# EXERCISE AIM
Return exactly the lines below, starting with the one that has "Advice cards with" and going on through the one that has "3D Gold Hand".

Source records
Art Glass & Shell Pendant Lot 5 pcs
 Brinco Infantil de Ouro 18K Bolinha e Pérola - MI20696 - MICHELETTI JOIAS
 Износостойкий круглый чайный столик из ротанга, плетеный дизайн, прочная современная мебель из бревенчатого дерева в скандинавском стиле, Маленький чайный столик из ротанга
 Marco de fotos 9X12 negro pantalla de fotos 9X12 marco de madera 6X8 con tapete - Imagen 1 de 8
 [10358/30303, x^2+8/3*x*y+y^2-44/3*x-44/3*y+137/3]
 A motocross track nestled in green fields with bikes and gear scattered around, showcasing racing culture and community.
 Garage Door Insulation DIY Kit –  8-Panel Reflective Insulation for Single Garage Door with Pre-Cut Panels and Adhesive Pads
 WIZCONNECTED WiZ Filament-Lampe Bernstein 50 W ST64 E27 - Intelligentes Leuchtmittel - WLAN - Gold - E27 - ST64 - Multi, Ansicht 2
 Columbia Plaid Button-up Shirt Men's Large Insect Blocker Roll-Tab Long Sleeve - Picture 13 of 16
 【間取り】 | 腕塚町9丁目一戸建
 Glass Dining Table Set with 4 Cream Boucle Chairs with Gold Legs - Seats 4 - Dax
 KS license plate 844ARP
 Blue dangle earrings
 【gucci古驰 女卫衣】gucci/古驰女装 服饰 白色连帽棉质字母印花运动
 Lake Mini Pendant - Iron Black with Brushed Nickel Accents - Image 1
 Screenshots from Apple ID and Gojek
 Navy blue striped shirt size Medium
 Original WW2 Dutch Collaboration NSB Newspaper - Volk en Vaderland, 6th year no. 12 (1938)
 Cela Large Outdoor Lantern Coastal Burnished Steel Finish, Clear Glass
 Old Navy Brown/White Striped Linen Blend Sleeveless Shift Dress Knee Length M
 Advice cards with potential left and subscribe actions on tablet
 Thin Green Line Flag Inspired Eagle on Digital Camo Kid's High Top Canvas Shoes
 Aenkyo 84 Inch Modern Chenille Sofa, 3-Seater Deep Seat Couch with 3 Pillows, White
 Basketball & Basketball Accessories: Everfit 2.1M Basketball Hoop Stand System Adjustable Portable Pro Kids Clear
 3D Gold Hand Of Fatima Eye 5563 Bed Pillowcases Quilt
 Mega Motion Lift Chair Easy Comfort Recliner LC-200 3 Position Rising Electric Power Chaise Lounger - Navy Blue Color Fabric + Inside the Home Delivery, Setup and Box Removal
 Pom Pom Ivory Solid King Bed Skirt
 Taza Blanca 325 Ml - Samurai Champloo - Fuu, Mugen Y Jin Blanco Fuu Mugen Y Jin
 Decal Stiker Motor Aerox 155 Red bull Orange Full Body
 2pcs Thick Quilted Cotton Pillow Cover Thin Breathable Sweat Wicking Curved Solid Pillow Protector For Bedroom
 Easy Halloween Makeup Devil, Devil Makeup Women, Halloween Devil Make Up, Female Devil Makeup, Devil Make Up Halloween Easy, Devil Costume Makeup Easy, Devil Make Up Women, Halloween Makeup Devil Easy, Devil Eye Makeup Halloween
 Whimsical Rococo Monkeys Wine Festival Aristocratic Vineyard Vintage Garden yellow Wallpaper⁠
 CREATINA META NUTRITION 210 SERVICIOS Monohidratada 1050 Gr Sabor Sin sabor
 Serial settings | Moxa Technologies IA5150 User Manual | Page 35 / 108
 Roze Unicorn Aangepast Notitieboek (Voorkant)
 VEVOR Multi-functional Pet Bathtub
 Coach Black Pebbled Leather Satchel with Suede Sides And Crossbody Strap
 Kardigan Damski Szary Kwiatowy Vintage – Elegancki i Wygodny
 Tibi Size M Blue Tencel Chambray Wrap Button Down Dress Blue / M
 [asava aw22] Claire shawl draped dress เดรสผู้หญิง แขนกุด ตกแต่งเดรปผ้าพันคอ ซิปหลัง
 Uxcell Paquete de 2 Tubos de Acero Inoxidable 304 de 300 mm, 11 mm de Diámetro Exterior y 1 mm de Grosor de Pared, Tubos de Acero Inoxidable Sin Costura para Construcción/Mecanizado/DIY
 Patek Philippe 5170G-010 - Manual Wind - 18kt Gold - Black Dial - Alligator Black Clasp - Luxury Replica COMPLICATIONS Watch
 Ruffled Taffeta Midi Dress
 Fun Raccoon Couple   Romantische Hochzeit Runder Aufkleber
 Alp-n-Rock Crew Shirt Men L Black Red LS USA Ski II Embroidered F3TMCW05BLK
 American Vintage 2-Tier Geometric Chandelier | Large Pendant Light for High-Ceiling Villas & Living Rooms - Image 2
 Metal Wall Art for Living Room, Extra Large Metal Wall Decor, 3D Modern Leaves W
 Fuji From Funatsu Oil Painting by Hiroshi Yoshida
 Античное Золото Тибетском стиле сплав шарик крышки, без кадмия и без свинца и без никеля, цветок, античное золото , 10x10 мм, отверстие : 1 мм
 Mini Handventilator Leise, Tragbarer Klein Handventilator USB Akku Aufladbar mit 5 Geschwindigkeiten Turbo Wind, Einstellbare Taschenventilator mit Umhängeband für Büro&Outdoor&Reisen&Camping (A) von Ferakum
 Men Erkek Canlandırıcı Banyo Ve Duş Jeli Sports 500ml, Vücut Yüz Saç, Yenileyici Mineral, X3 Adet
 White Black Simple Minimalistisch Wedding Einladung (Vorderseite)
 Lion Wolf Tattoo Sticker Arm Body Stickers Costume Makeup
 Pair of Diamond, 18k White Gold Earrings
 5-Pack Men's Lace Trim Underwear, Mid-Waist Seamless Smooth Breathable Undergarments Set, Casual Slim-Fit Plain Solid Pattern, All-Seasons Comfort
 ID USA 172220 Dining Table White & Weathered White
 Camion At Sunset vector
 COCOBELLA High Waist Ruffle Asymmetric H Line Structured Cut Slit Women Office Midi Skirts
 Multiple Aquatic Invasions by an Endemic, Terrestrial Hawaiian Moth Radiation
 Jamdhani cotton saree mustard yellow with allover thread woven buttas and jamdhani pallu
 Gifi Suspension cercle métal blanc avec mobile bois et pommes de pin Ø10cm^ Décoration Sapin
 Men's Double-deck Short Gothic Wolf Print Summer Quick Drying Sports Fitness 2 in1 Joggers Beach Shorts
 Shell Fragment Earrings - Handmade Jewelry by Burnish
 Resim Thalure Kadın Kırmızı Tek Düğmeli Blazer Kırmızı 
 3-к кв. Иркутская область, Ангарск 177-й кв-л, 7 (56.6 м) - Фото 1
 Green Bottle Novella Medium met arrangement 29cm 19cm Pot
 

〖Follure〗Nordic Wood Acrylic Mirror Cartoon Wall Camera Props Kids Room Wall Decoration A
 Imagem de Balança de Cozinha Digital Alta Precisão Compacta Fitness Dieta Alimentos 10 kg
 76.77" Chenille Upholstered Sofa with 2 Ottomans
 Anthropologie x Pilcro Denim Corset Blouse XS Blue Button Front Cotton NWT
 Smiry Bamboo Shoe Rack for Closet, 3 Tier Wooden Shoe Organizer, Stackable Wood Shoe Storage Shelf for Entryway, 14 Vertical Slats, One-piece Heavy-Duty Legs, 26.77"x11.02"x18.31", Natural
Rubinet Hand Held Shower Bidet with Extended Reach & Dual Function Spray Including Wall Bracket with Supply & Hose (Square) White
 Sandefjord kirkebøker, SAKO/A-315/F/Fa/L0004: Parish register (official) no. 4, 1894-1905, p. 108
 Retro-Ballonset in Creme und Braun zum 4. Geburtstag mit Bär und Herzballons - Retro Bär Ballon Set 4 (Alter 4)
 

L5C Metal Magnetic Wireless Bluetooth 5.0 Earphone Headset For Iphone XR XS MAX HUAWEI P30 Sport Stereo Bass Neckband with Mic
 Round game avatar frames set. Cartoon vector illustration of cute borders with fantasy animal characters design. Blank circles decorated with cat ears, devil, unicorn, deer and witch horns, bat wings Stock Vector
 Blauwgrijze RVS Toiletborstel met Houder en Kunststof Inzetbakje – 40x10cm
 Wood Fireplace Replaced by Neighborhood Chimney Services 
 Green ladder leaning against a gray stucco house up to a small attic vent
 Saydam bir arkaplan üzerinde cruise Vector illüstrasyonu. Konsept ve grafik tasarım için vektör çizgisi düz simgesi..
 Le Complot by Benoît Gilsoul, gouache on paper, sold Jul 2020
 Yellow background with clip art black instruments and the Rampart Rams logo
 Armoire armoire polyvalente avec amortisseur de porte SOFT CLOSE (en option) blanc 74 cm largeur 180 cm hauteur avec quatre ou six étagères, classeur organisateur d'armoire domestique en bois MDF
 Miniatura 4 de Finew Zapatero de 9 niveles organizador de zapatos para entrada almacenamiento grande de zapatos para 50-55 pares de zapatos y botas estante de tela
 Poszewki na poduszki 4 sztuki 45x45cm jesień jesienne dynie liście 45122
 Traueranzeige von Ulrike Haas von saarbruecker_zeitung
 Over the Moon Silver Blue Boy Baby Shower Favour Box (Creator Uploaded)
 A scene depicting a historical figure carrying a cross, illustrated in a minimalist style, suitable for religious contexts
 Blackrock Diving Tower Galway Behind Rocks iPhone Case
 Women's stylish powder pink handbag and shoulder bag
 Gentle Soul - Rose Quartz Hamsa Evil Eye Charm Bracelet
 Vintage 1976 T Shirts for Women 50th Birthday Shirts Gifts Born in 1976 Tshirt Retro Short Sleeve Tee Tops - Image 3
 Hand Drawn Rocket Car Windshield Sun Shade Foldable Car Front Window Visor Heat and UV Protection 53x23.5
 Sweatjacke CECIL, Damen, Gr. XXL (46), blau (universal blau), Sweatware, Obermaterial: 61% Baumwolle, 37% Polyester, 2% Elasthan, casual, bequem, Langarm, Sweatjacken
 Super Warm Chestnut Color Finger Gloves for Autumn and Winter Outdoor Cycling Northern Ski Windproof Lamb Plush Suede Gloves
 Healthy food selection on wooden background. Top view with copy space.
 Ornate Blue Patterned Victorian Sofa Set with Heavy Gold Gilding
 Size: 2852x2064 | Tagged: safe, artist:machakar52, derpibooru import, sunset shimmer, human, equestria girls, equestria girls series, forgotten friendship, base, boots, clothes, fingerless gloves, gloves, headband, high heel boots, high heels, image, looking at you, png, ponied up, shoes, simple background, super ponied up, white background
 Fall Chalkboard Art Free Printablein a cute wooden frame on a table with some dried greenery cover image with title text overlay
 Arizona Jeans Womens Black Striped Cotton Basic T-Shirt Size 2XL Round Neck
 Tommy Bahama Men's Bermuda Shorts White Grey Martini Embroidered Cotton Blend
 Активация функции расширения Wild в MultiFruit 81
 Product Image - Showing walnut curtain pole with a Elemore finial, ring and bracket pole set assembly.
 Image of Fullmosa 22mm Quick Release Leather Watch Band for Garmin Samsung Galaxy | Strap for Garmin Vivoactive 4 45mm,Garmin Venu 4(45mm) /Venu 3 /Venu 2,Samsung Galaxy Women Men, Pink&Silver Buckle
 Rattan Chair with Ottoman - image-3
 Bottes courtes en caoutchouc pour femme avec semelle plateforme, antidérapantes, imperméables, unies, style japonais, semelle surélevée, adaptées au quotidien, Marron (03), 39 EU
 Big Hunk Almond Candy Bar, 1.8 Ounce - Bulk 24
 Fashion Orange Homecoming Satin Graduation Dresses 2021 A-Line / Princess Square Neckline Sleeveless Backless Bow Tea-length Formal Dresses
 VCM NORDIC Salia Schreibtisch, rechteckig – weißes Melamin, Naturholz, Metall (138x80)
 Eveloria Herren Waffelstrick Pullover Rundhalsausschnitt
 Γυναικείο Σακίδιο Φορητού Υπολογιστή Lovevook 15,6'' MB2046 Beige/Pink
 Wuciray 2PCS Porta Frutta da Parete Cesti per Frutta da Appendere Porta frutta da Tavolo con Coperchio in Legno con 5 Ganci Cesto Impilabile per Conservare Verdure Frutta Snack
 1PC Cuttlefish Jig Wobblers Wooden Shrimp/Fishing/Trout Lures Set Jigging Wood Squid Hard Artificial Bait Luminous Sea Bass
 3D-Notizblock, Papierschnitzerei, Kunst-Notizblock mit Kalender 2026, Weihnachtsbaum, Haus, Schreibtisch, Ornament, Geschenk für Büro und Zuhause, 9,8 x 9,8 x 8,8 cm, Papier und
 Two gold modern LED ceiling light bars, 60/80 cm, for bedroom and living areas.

# EXERCISE SOLUTION
 Advice cards with potential left and subscribe actions on tablet
 Thin Green Line Flag Inspired Eagle on Digital Camo Kid's High Top Canvas Shoes
 Aenkyo 84 Inch Modern Chenille Sofa, 3-Seater Deep Seat Couch with 3 Pillows, White
 Basketball & Basketball Accessories: Everfit 2.1M Basketball Hoop Stand System Adjustable Portable Pro Kids Clear
 3D Gold Hand Of Fatima Eye 5563 Bed Pillowcases Quilt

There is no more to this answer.